Data extract
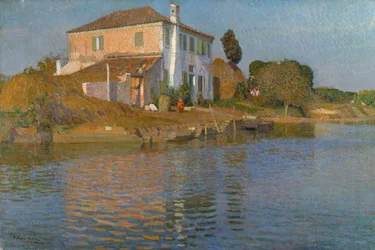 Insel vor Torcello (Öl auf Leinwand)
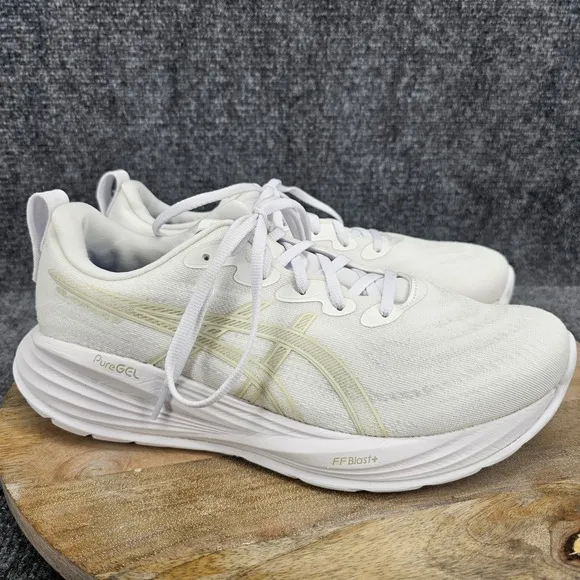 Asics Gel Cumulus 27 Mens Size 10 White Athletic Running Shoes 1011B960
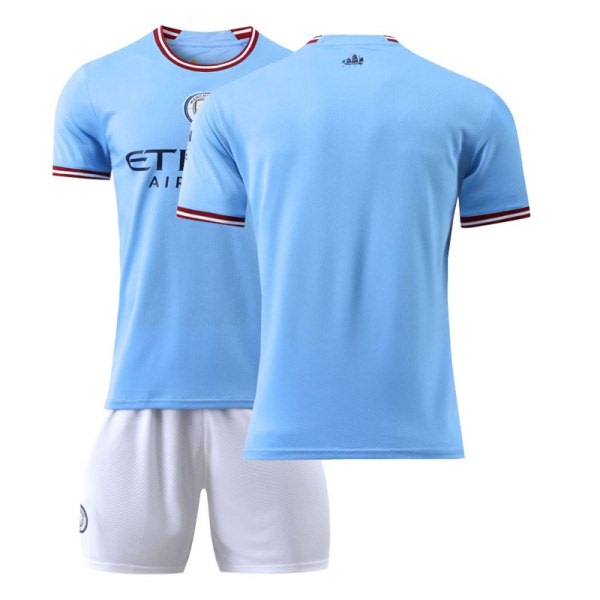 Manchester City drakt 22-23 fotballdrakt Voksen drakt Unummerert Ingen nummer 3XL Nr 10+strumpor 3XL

--

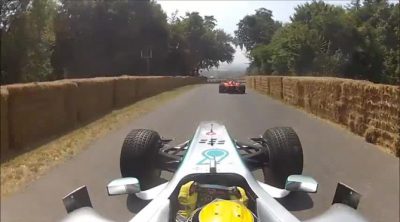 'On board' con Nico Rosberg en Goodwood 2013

What is needed
Using the records above, return word for word the lines that begin at the one containing "Insel vor Torcello (Öl auf Leinwand)" and end at the one containing "Manchester City drakt", both of them included and no pictures.

Exercise solution
 Insel vor Torcello (Öl auf Leinwand)
 Asics Gel Cumulus 27 Mens Size 10 White Athletic Running Shoes 1011B960
 Manchester City drakt 22-23 fotballdrakt Voksen drakt Unummerert Ingen nummer 3XL Nr 10+strumpor 3XL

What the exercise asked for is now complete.